Nadav Lapid tente la Fémis, mais est recalé à la dernière étape. Rien ne l’empêche de faire du cinéma via des courts, moyens et longs selon ses inspirations. Pas besoin d’école pour celui qui finalement rentre en Israël. La France est devenue compliquée, oppressante pour un jeune homme enthousiaste et naïf. Il est reconnu en Israël par la publication d’un recueil de nouvelles, il est donc temps de rentrer.

Il est bon de savoir tout cela dans l’approche de Synonymes. Ce n’était pas notre cas, arrivant à nu pour la projection. Le film est cette découverte de la Berlinale dans ce dernier tiers toujours brillant du Festival. On y trouve chaque année les pépites d’un grand moment de cinéma. Synonymes est l’exemple de l’édition 2018, où il remporte l’Ours d’Or du Meilleur Film. Synonymes de Nadav Lapid est une dualité dont on ressort brisé. Le film est une succession d’antonymes, brouillons et maîtrisé, furieux et calmes, littéraires parfois vulgaires, soutenus et grossiers, etc.

Synonymes est l’histoire d’un homme perdu s’étant soutiré du service militaire israélien. Il est un déserteur de sa patrie, de sa famille. La famille israélienne, patrie qui la compose, comme une société miniature complexe pour toute personne faisant face à une fragilité. Yoav est fragile ayant ce besoin d’une nouvelle identité, de faire peau neuve. D’où cette séquence fantastique dans le premier appartement où il s’est réfugié. Lieu vide, comme neutre, bulle aseptisée pour un homme qui se réveille, se douche et dont les affaires disparaissent dans une invisible situation. Il est recueilli par un français parfait, Émile (Quentin Dolmaire vu dans Trois Souvenirs de ma Jeunesse d’Arnaud Desplechin), et sa compagne, Caroline (charmante Louise Chevillotte aspirant l’écran à chaque apparition). S’ensuit le réveil dans des draps blancs épurés d’un homme qui reprend confiance, dont Émile file une nouvelle identité. Séquence brusque et absurde à l’image d’un film brute et brusque.

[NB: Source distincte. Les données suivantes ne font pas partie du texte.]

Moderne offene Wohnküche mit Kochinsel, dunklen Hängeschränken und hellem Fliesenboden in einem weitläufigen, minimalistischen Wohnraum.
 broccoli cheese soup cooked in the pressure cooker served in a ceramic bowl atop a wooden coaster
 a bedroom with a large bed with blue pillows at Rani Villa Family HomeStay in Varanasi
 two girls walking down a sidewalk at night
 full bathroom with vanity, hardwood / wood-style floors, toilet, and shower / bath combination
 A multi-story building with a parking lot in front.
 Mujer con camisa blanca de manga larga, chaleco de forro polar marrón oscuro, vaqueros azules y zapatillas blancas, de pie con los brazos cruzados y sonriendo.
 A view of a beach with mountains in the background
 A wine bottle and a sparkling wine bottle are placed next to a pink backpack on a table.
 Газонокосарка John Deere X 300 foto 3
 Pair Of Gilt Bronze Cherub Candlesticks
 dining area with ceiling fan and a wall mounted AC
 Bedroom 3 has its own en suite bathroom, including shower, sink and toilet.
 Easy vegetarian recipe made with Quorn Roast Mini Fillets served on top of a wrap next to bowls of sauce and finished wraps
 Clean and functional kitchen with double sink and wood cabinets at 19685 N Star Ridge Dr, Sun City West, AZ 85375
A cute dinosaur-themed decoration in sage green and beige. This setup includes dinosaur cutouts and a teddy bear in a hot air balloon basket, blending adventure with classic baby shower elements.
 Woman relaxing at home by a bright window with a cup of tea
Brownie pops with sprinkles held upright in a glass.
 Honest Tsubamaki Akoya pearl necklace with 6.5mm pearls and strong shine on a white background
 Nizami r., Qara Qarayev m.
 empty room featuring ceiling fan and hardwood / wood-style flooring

Synonymes bouscule les repères cinéma de cinéphile/cinéphage pouvant être révulsé par cette volonté autodidacte et frondeuse de prendre une caméra et aspirer des acteurs pour se conter soi-même. Il y a une liberté de ton, d’amour, d’échange, de discourir sur notre société et notre monde dans Synonymes. Il est un film volage précis, verbeux et intelligent, un essai insolent qui prend à la gorge le cinéma pour se livrer, se libérer. Nadav Lapid en livre alors un long-métrage fort et suffocant. On peine à raccorder les wagons, mais Tom Mercier nous tient par un charisme renversant, un talent inné et une beauté dure. Paré de son manteau jaune moutarde, il nous guide dans ses dérivations parisiennes et françaises cherchant sa vie, sa liberté et son identité.
En sortant de la projection, nous sommes bousculés chavirant au gré des émotions qui s’entrechoquent en nous. Puis Synonymes se livre en accordant des mots simples et ludiques pour mieux comprendre une œuvre indélébile.